Endüstrimiz çok büyük, bir günde veya bir yılda değişmek mümkün değil ama atılan her adım değerli. Biz Koton olarak bir yandan müşterimizi dinliyor, bir yandan da değişen dinamikleri, standartları, uluslararası regülasyonları takip ediyoruz. 33 yıldır büyümeye odaklanmış, daha da büyümek isteyen bir marka olarak sürdürülebilirlik bizim için doğal bir odak alanı, temel bir pusula.
Sürdürülebilir üretim çerçevesinde ortaya koyduğunuz Yaşama Saygı koleksiyonunuzdan kısaca bahsedebilir misiniz?
Sürdürülebilirliğin değişen isteklerimiz, ihtiyaçlarımız, önceliklerimiz için hayati önemde bir kavram olduğunun her zaman farkında ve bilincindeydik.

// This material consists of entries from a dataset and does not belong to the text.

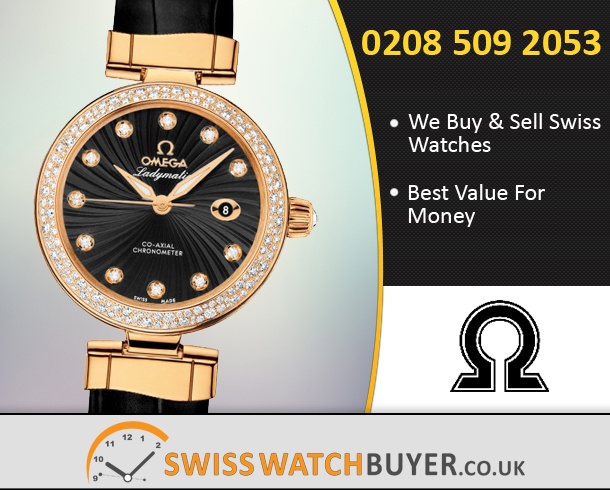 Buy OMEGA De Ville Ladymatic Watches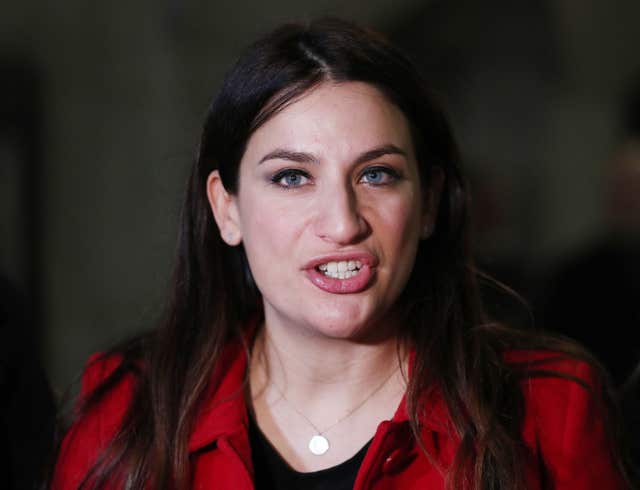 Baroness Luciana Berger in 2016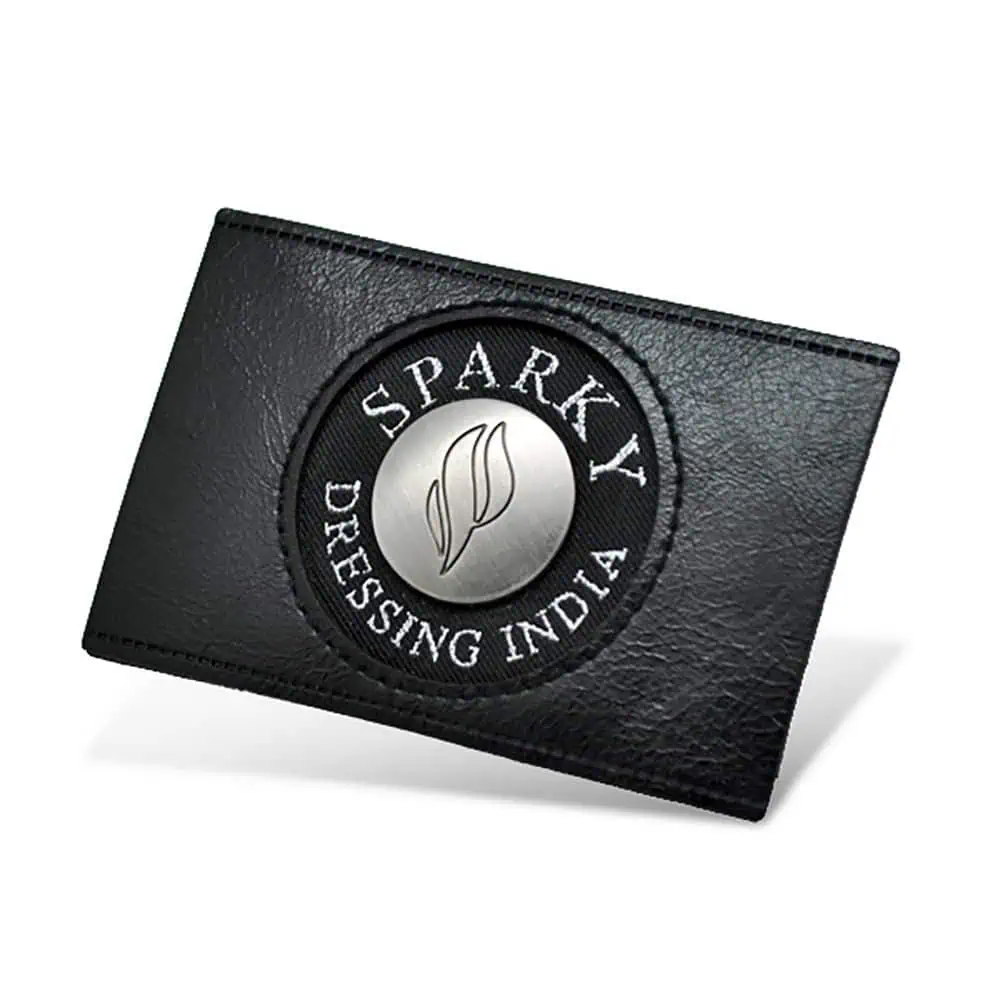 PU Metal Labels Manufacturer – Premium Hybrid Branding Labels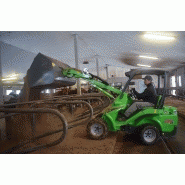 Mini-chargeuse - 1.5t - avant tecno série e_5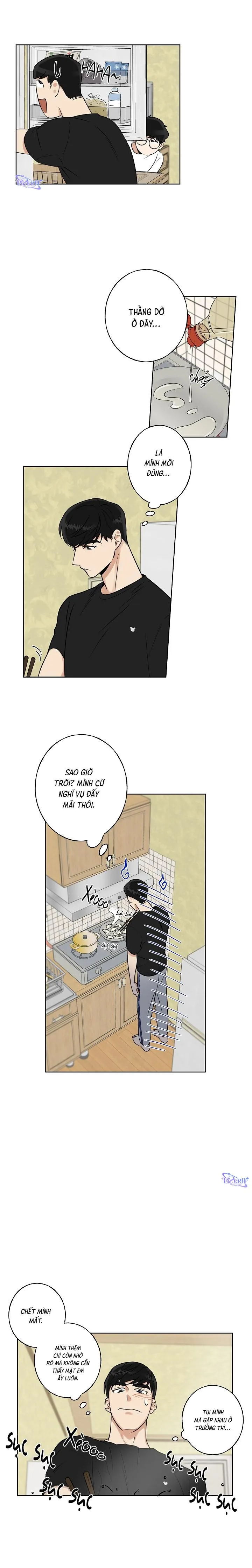 Tình Huống Cuối Tuần Chapter 7 Trang 9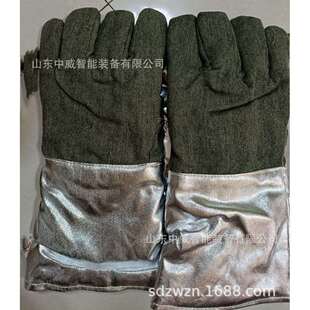 化工厂炼钢厂用耐高温手套 现货出售 耐高温手套生产厂家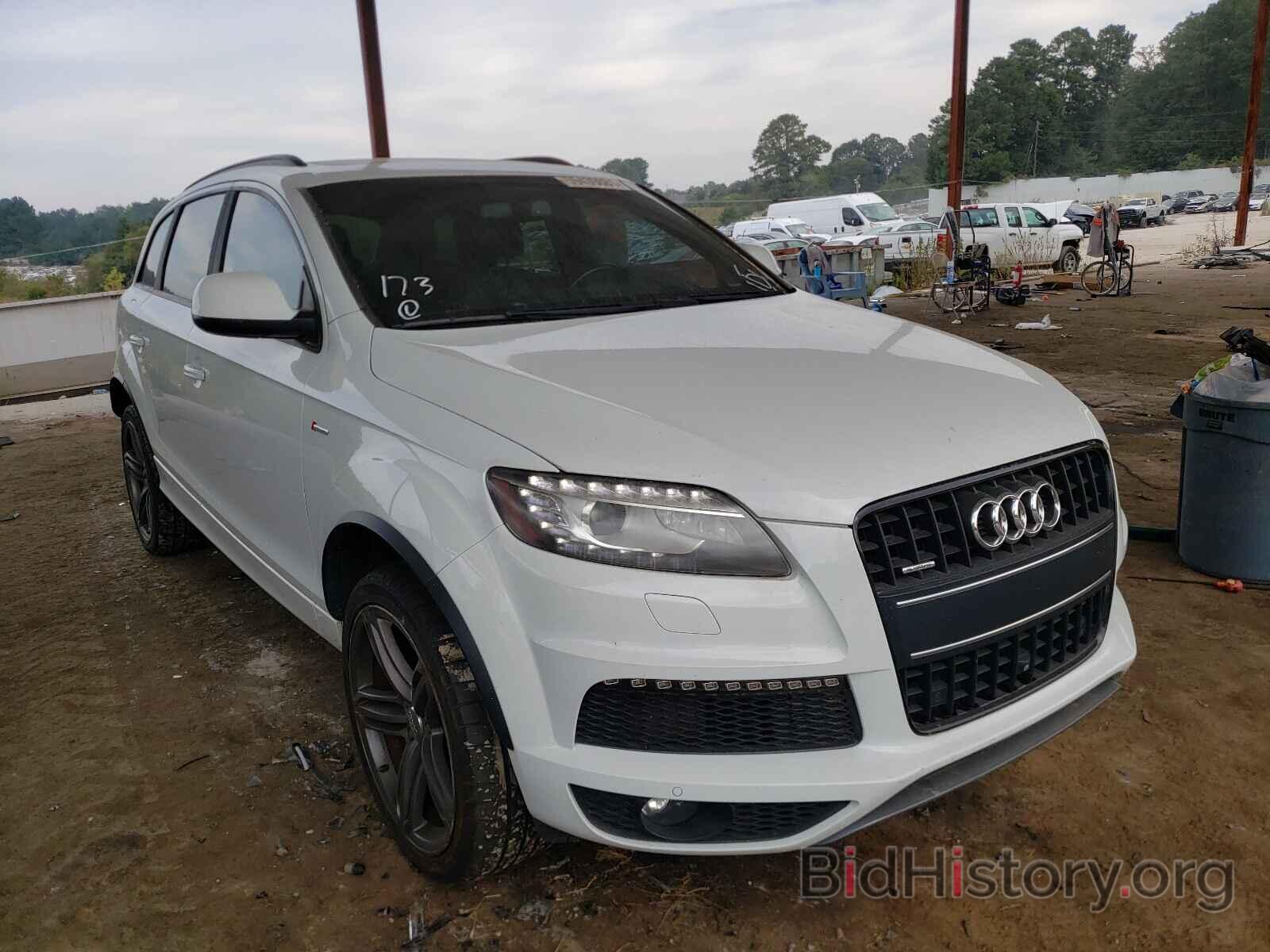 Photo WA1DGAFE4ED005072 - AUDI Q7 2014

Bu alandaki mevcut çalışmalarımızı daha iyi yapılandırarak iş stratejilerimizin merkezine sürdürülebilirliği koyduk. Bu yaklaşımımıza da Yaşama Saygı adını verdik. Bu anlayışı Yaşama Saygı Manifestomuz ile ortaya koyduk. Yaklaşımımız, Birleşmiş Milletler Sürdürülebilir Kalkınma Amaçları ile uyumlandırdığımız bir sürdürülebilirlik anlayışını tarif ediyor. Dünyamıza, içinde var olduğumuz toplumumuza, dokunduğumuz tüm insanlara ve marka değerimizin temel kaynağı olan işimize saygı, sürdürülebilirlik anlayışımızın özünü oluşturuyor.
BCI süreci öncesinde de dünyaya bıraktığımız izlerin etkilerini azaltmak için Yaşama Saygı ürünlerimizi koleksiyonlarımıza yerleştirmeye başlamıştık. Sürdürülebilir iplik, sürdürülebilir kumaş gibi ham maddelerin yanı sıra sürdürülebilir teknolojileri de kullandığımız geniş bir ürün gamı oluşturduk. Organik, geri dönüştürülmüş rejenere iplik ve kumaşların pet şişelerden üretilmiş iplik gibi doğa dostu materyallerin, 2021 yılında sürdürülebilir ürünlerimizin toplam Koton içindeki payının yüzde 15 olacağını ifade etmiştik. Gururla söylüyorum ki biz bu oranı aşarak payı yüzde 16,5 seviyesinde gerçekleştirdik. 2022 hedefimiz ise bu oranı yüzde 25’e çıkarmak.
Yaşama Saygı koleksiyonlarımız içinde Suya Saygı koleksiyonumuzu, su tüketimi yoğun bir endüstride, özellikle suyun önemine vurgu yapmak için hazırladık. Suya Saygı koleksiyonu ile bugüne kadar karbon emisyonumuz 623 bin kilogram daha az gerçekleşti. Doğa dostu materyal ve üretim teknikleri kullanarak 49 milyon litre su tasarrufu elde ettik. 825 kilogram daha az pestisit kullanmamız mümkün oldu. Suya Saygı koleksiyonumuzda yüzde 50 daha az su tüketimiyle sertifikalı lenzing ecovero viscose kumaş kullandık. Denimlerimizin tamamındaki yıkama işleminde, standart yıkama yöntemlerine göre yüzde 70 daha az su ve kimyasal kullandık. Koleksiyonumuzda recycle polyester, recylce pamuk, organik pamuk, recycle akrilik ve dönüştürülmüş pamuk karışımlı kumaşları ve elbette Better Cotton sertifikalı pamuklar tercih ettik.